We applaud US EPA’s long-delayed proposal to revise the National Ambient Air Quality Standards for ozone. The Clean Air Act requires EPA to create standards protective of public health based on the latest science, which shows that current standards underestimate the health impacts of smog.
Though the EPA proposal moves in the right direction, the agency should also consider the full range of pollution limits recommended by credible independent scientists, which means that a 60 parts per billion level should be included in the analysis.

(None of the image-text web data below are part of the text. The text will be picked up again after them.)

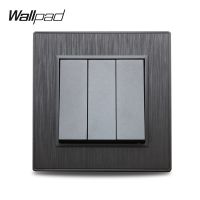 Wallpad S6 Black Silver Gold 3 Gang 1 Way 2 Way Electic Light Power Rocker Switch Brushed PC Plastic Imitating Aluminum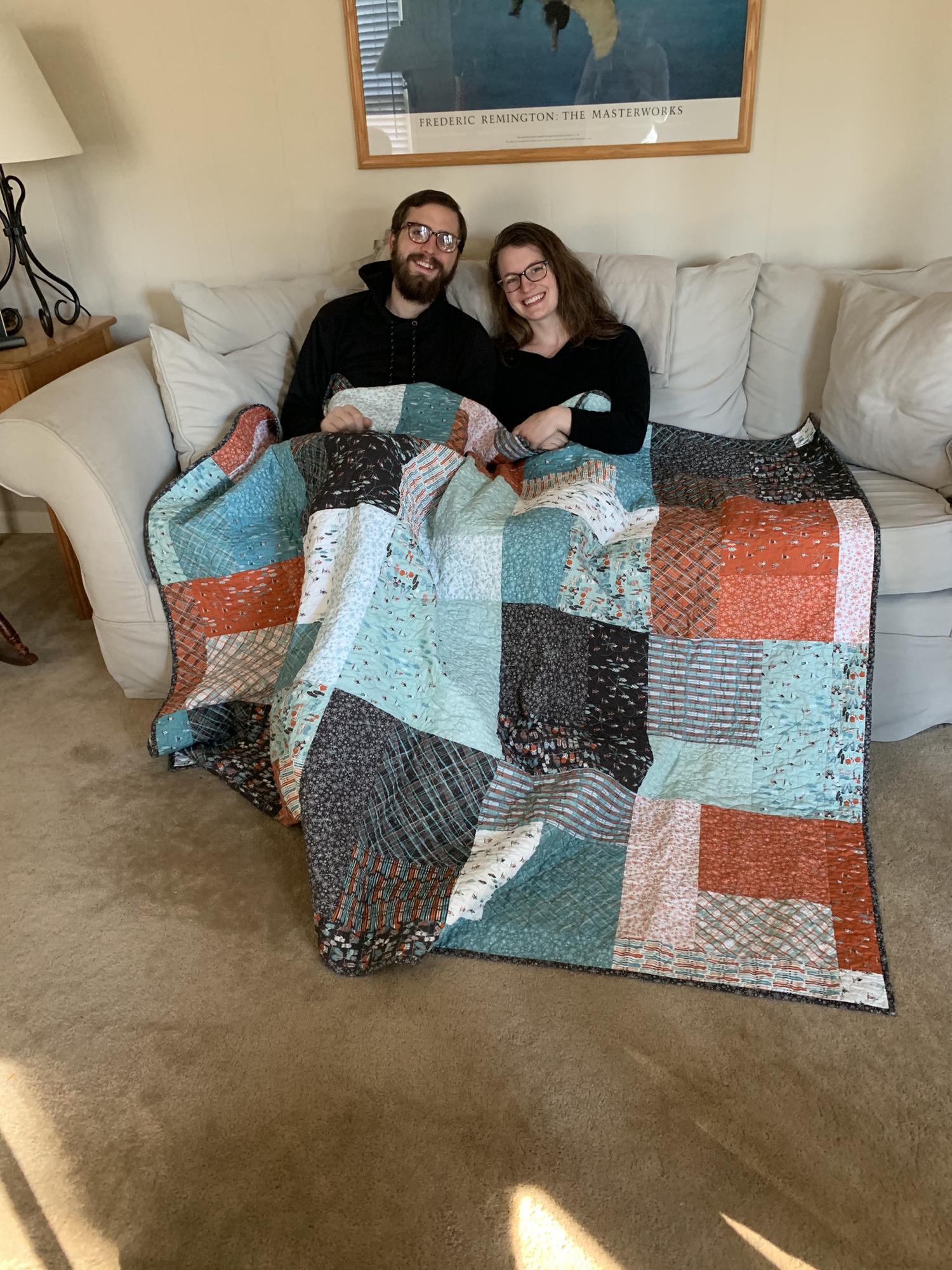 The stunning engagement quilt mama Sanders gave us!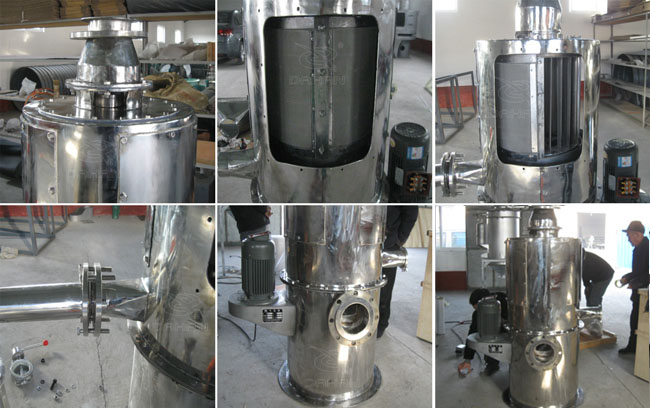 小型立式氣流篩細節：立式氣流篩篩網，立式氣流篩出料口，立式氣流篩電機。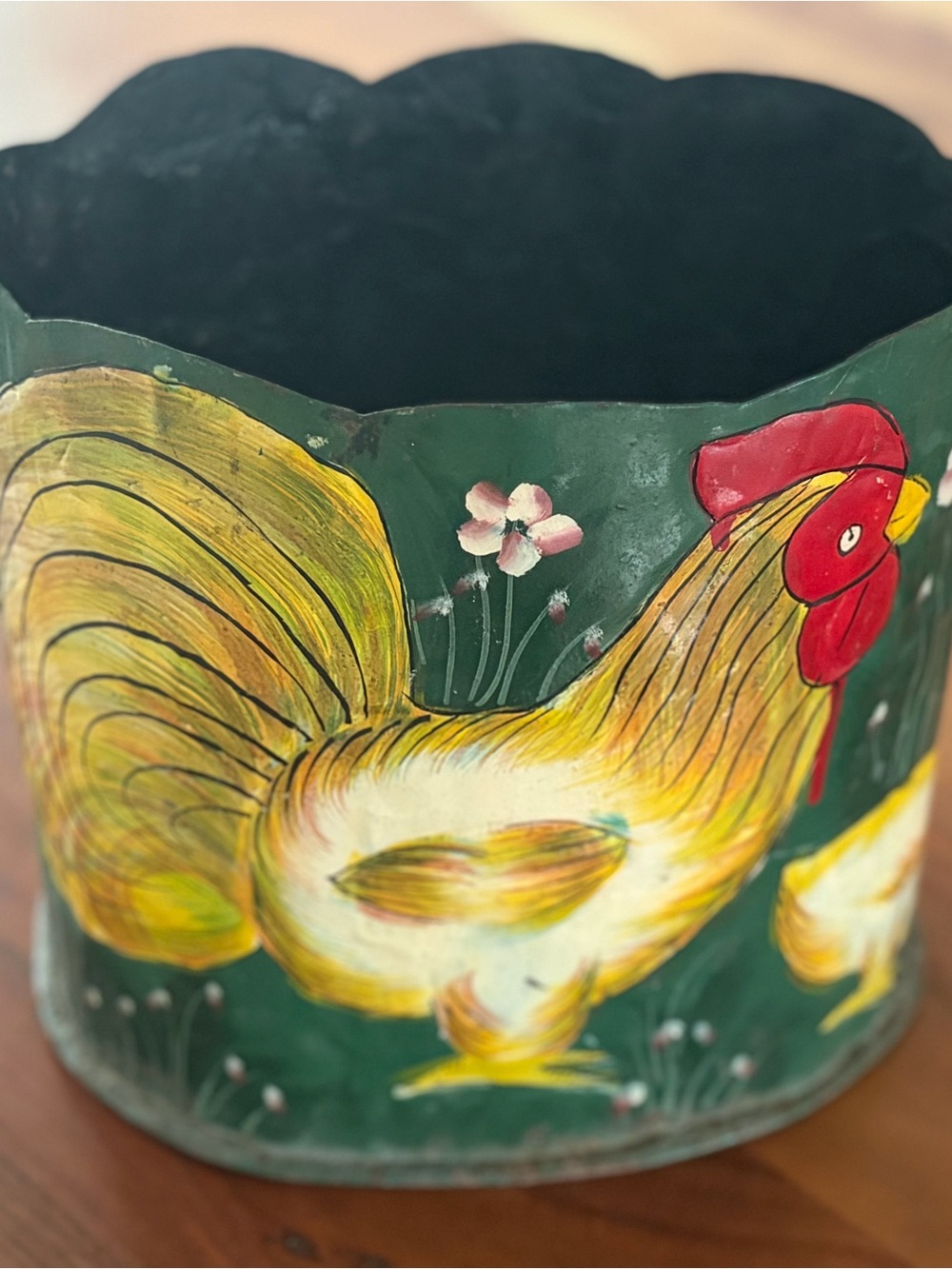 Hand-Painted metal Rooster and chick planter colorful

Contrary to the predictable cries of looming economic catastrophe coming from the fossil fuel and chemical industries, decades of history demonstrate that clean air protections provide benefits that far outweigh their costs (see graph below). The U.S. can, and must, continue the progress we have already made in reducing emissions from power plants, vehicles and other sources of pollution. We have solutions available, including energy efficiency, renewable power, electric vehicles, public transit, and improved land use planning.
California has suffered the worst smog in the nation and has also taken the lead in finding ways to reduce ozone pollution, so other state and local governments can look to the Golden State as they seek smog-cutting options.
All Americans deserve air that is healthy and safe to breathe. Vulnerable populations like children, the elderly, and those with sensitive respiratory systems are particularly in need of greater protections from lung-searing ozone.